• [Input material]:
____________
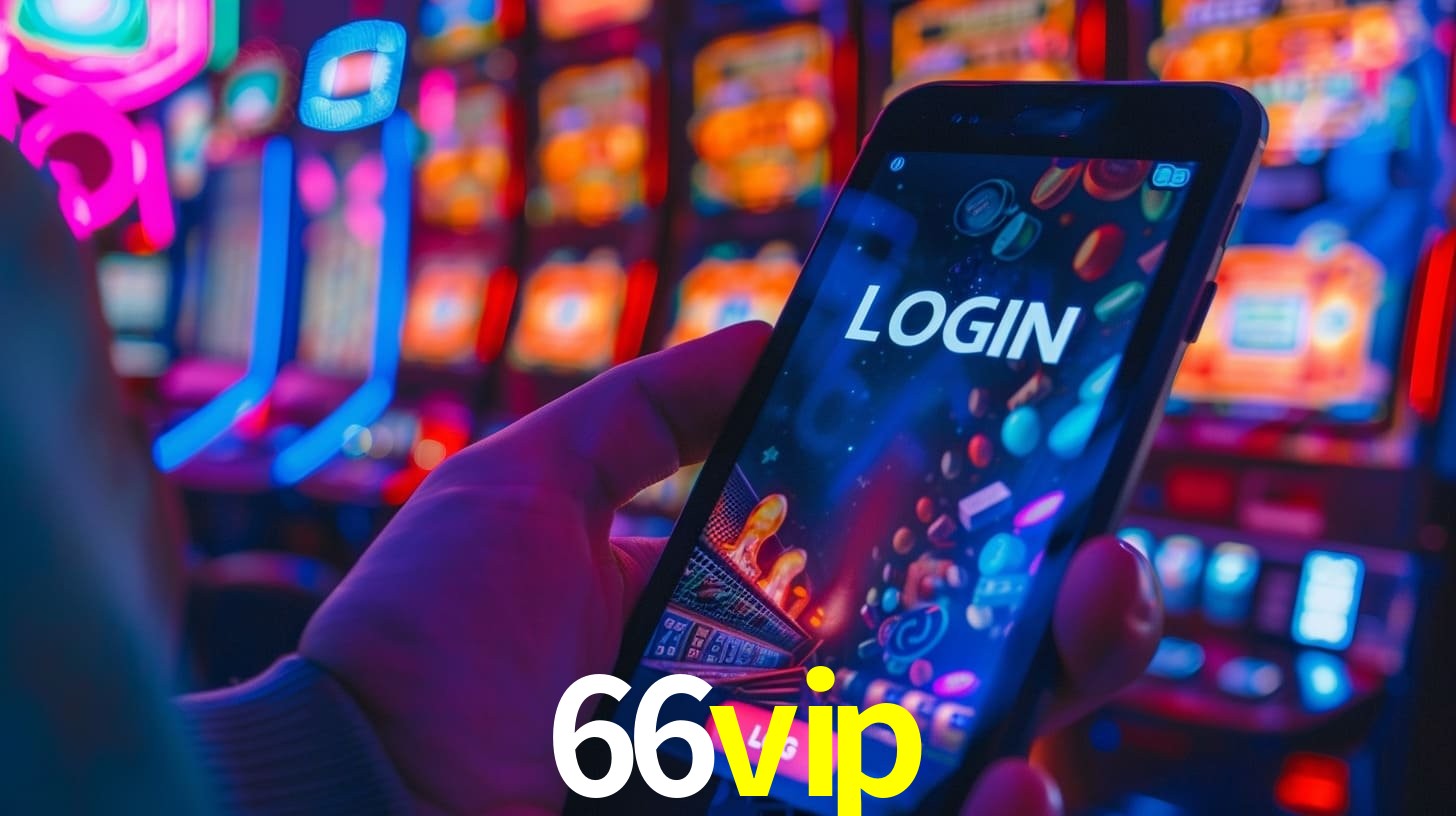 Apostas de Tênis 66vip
____________
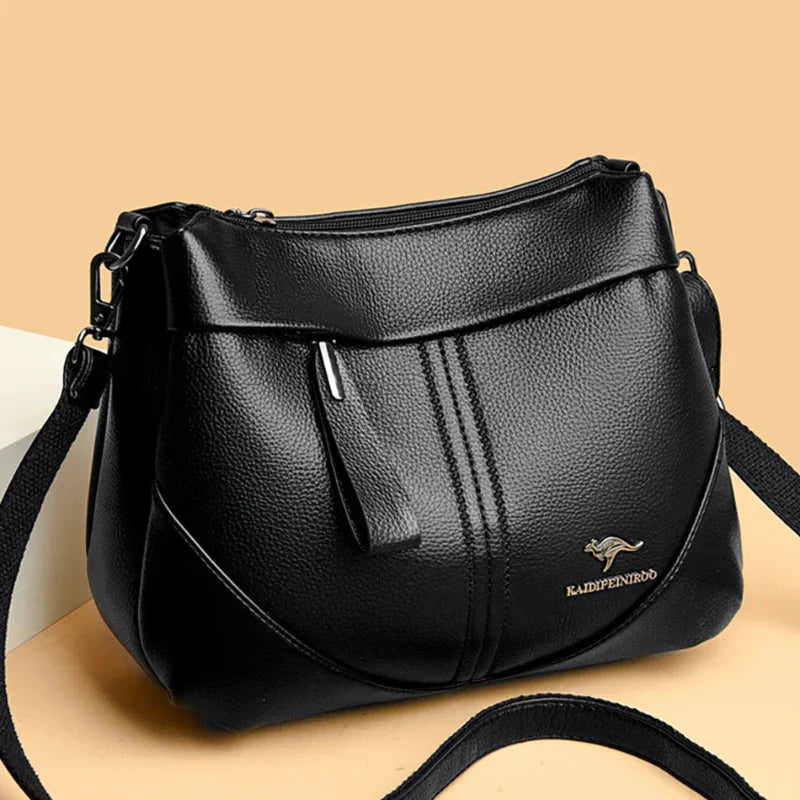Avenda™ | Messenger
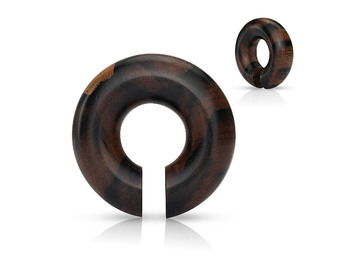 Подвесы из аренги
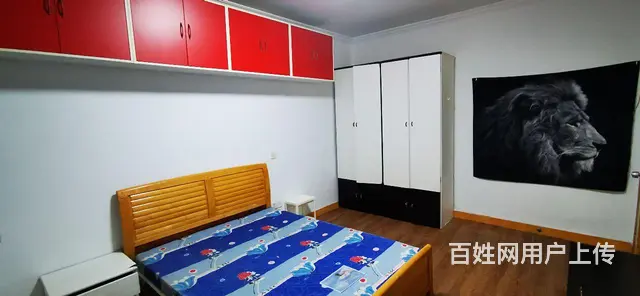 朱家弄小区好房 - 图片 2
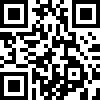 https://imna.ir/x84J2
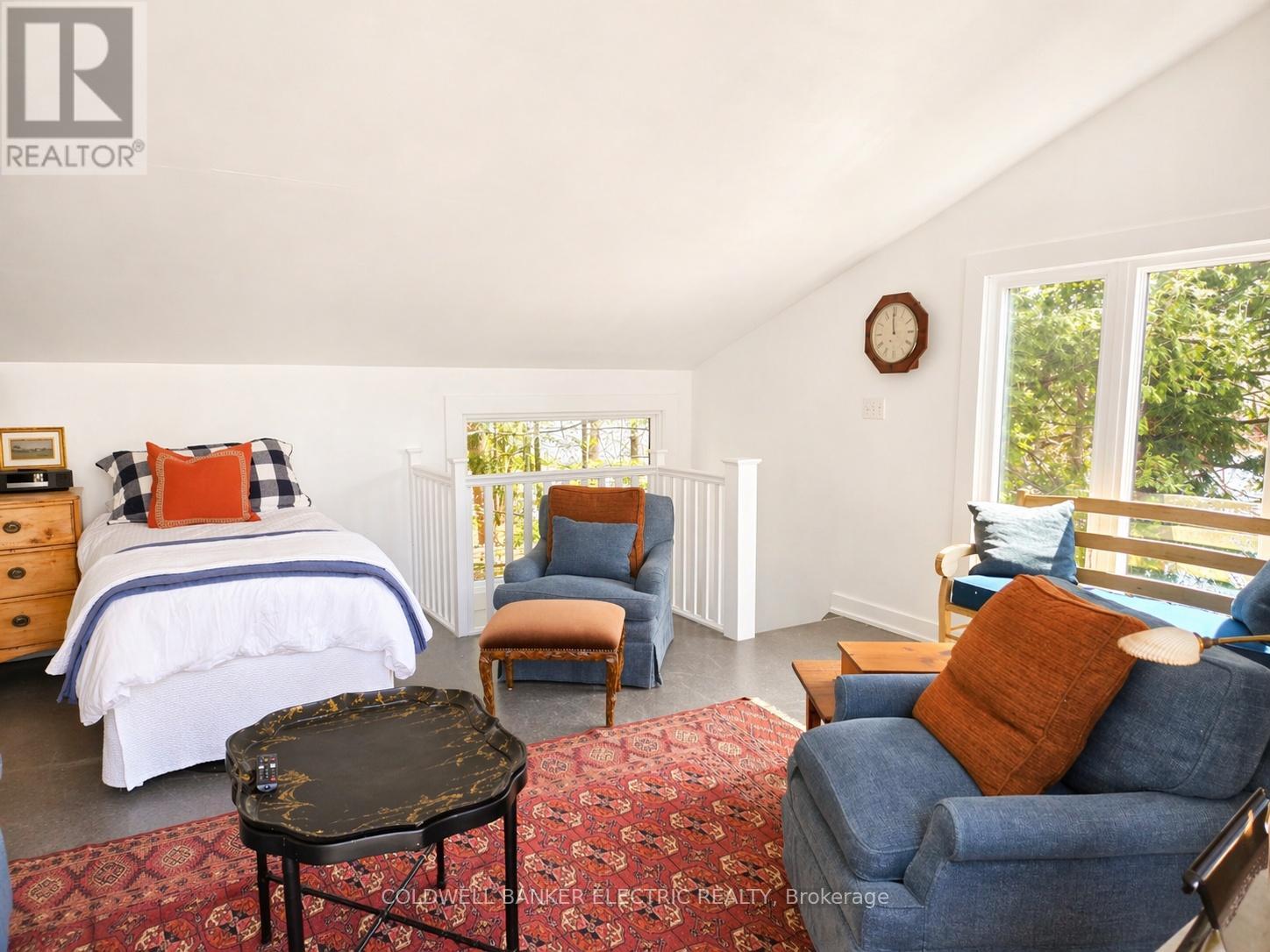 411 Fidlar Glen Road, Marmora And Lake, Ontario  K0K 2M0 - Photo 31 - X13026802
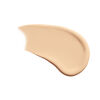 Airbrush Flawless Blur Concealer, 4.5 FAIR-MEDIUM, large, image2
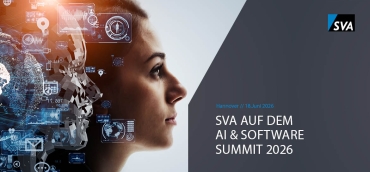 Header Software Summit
____________
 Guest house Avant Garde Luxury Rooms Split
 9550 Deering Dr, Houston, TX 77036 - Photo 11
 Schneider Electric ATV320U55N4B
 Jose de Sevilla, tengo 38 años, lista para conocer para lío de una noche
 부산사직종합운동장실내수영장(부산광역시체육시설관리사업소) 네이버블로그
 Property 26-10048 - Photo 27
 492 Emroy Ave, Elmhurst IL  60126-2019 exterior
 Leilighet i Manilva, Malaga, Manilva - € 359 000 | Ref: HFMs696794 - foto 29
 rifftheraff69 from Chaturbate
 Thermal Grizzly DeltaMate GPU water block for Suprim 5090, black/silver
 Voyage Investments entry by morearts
____________
Above this instruction are the records; retype exactly the lines from the one containing "Property 26-10048 - Photo 27" up to and including the one containing "Voyage Investments entry by morearts".

• [Exercise response]:
 Property 26-10048 - Photo 27
 492 Emroy Ave, Elmhurst IL  60126-2019 exterior
 Leilighet i Manilva, Malaga, Manilva - € 359 000 | Ref: HFMs696794 - foto 29
 rifftheraff69 from Chaturbate
 Thermal Grizzly DeltaMate GPU water block for Suprim 5090, black/silver
 Voyage Investments entry by morearts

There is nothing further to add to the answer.